* TASK ITEM *
Print the records below exactly, with no pictures.

* TASK MATERIAL *
====

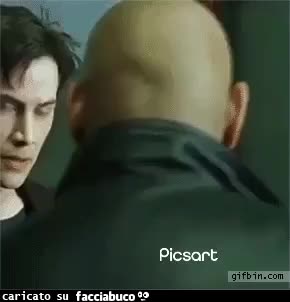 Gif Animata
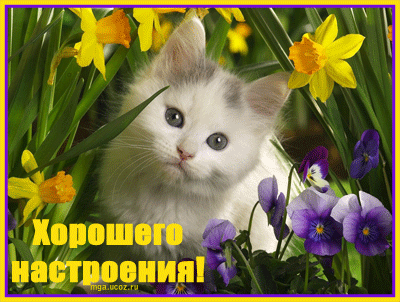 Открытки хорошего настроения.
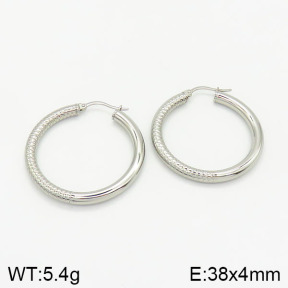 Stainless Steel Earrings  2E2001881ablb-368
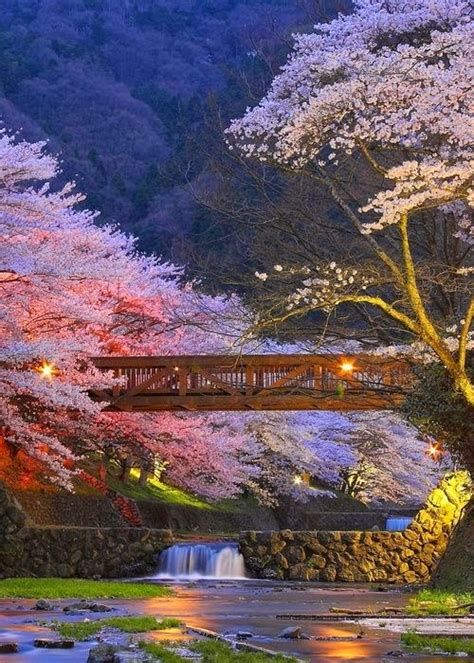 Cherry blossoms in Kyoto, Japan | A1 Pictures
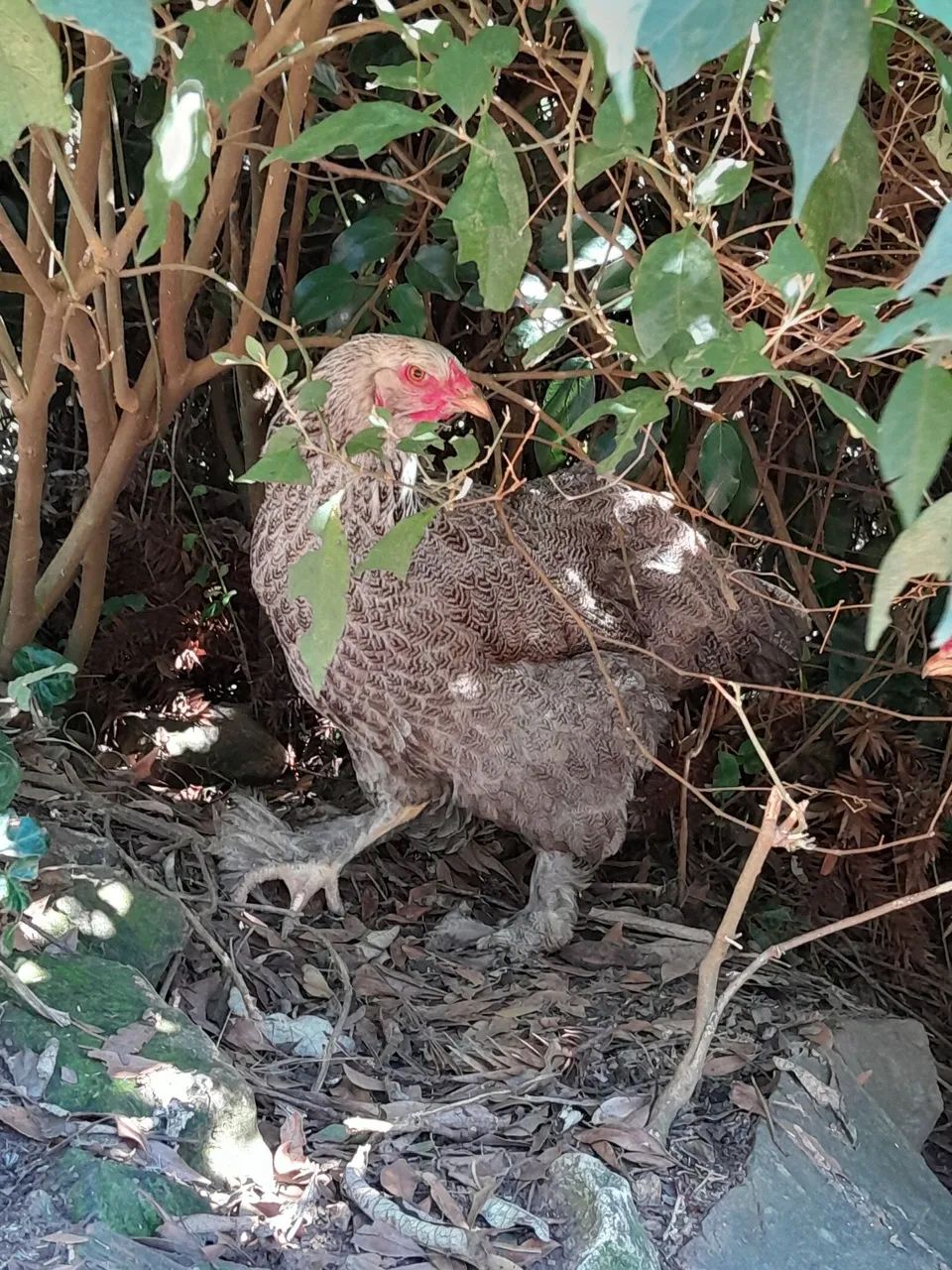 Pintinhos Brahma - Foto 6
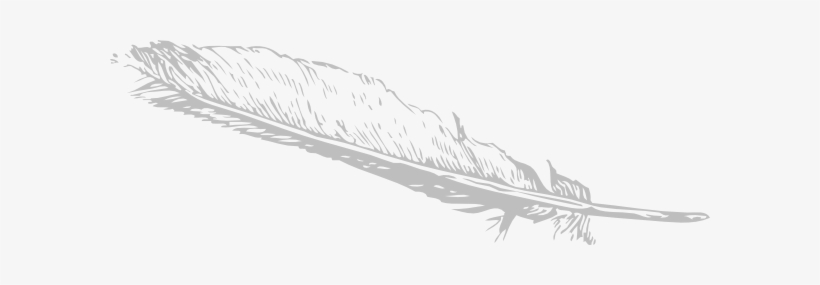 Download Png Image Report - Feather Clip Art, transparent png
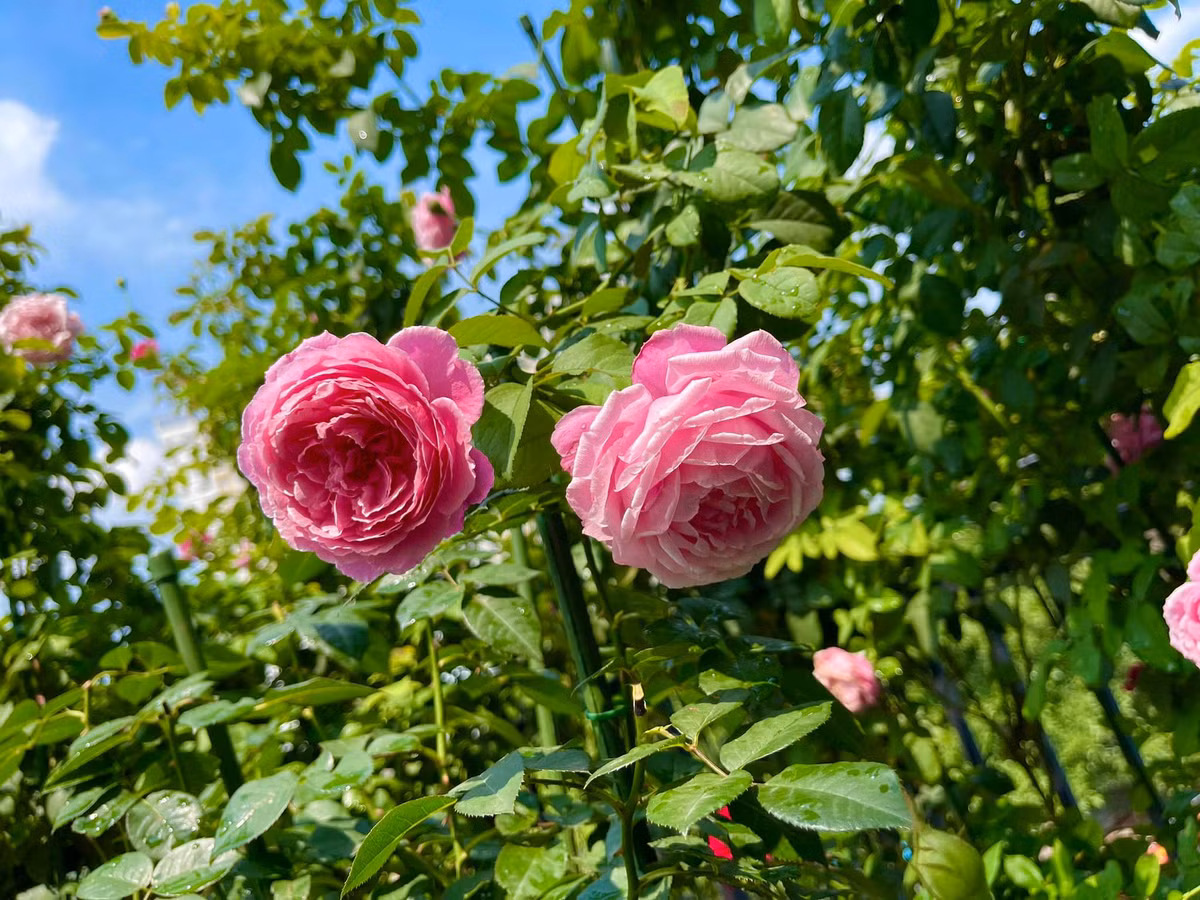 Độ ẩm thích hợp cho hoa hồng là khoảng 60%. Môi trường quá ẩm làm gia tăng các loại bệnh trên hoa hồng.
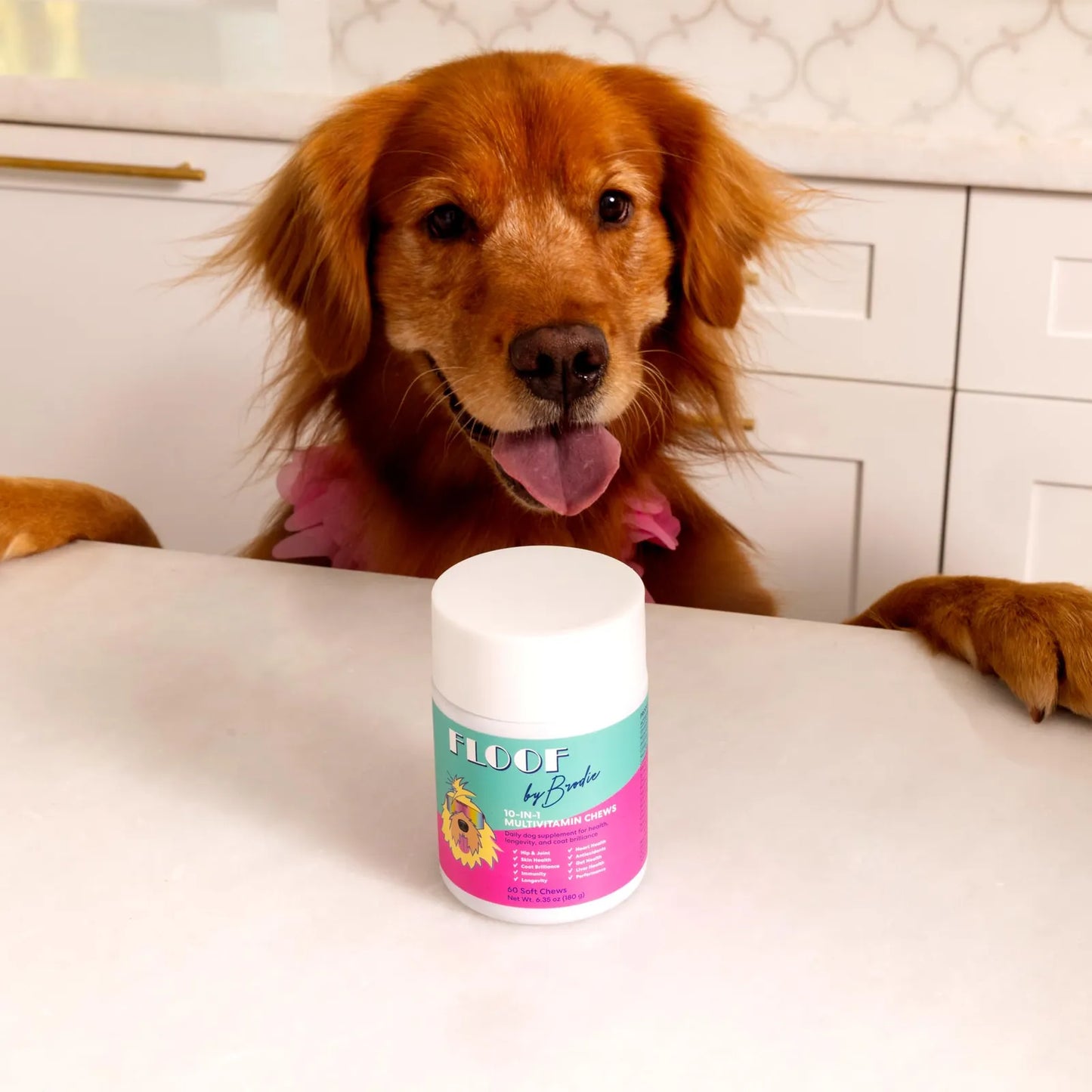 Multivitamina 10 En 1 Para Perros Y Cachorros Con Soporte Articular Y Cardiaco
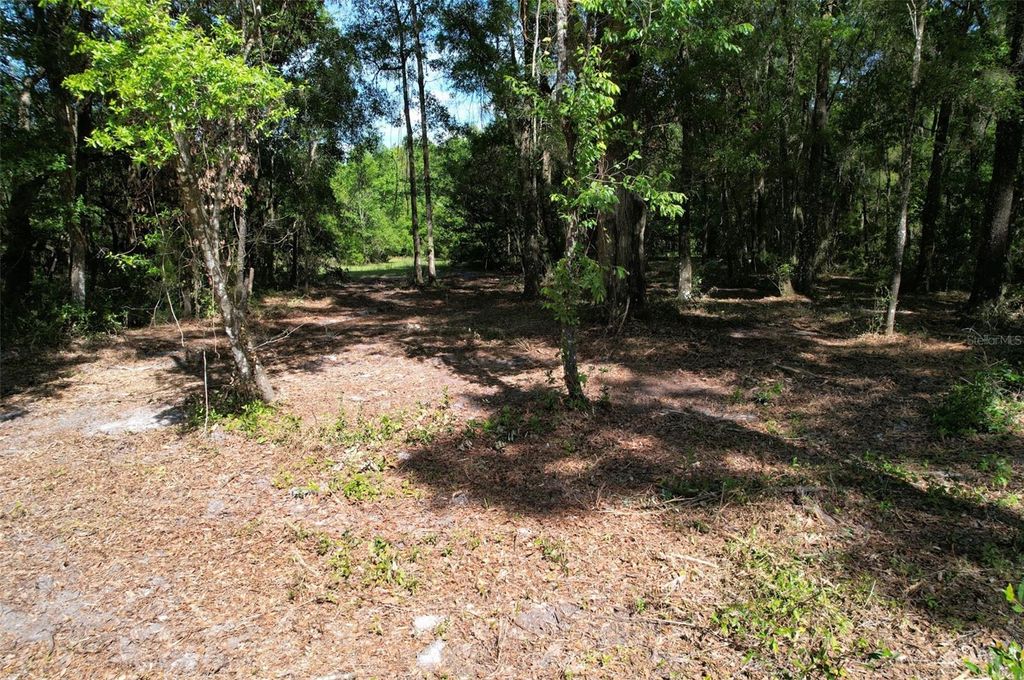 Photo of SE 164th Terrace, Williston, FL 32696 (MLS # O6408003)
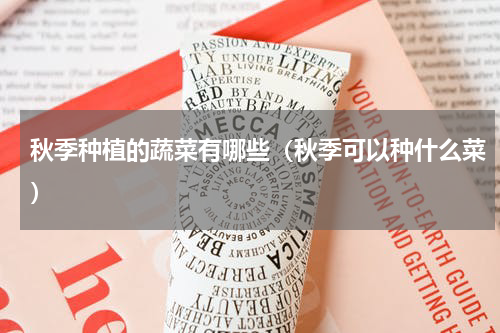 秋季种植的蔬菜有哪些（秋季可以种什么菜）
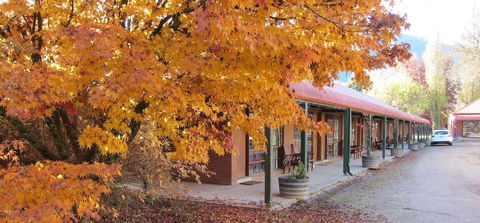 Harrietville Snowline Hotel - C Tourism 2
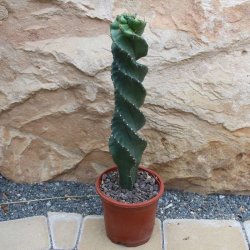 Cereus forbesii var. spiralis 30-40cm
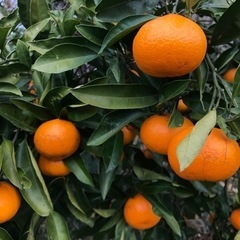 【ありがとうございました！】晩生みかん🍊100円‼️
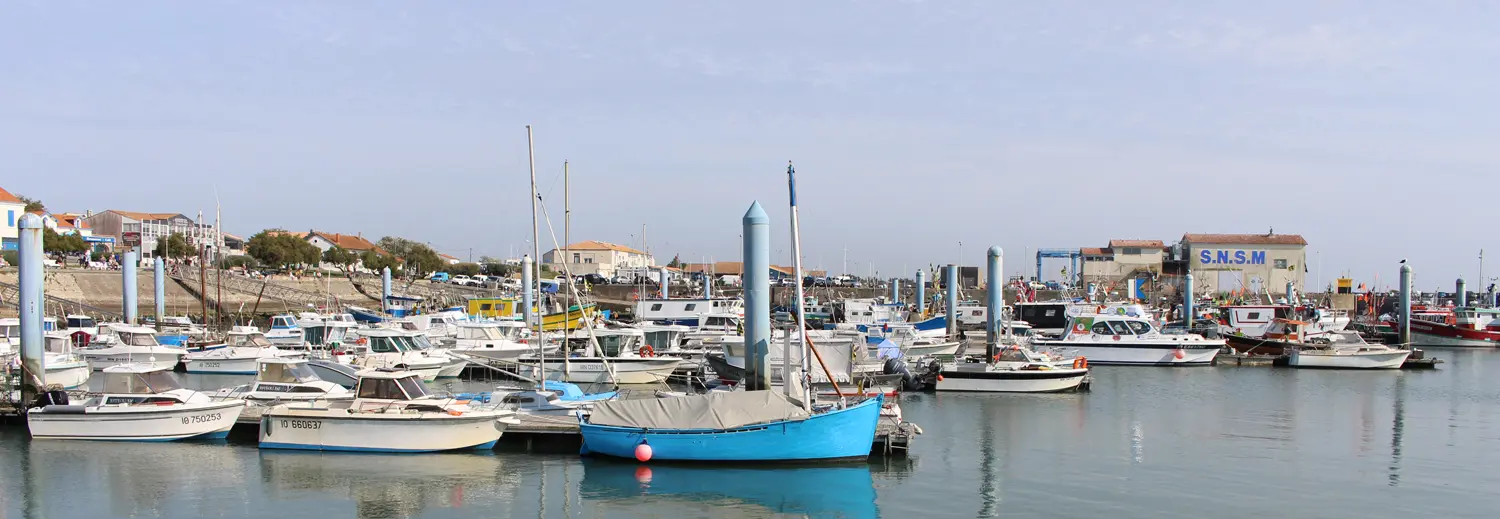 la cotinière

====

* OUTPUT FOR THIS EXERCISE *
 Gif Animata
 Открытки хорошего настроения.
 Stainless Steel Earrings  2E2001881ablb-368
 Cherry blossoms in Kyoto, Japan | A1 Pictures
 Pintinhos Brahma - Foto 6
 Download Png Image Report - Feather Clip Art, transparent png
 Độ ẩm thích hợp cho hoa hồng là khoảng 60%. Môi trường quá ẩm làm gia tăng các loại bệnh trên hoa hồng.
 Multivitamina 10 En 1 Para Perros Y Cachorros Con Soporte Articular Y Cardiaco
 Photo of SE 164th Terrace, Williston, FL 32696 (MLS # O6408003)
 秋季种植的蔬菜有哪些（秋季可以种什么菜）
 Harrietville Snowline Hotel - C Tourism 2
 Cereus forbesii var. spiralis 30-40cm
 【ありがとうございました！】晩生みかん🍊100円‼️
 la cotinière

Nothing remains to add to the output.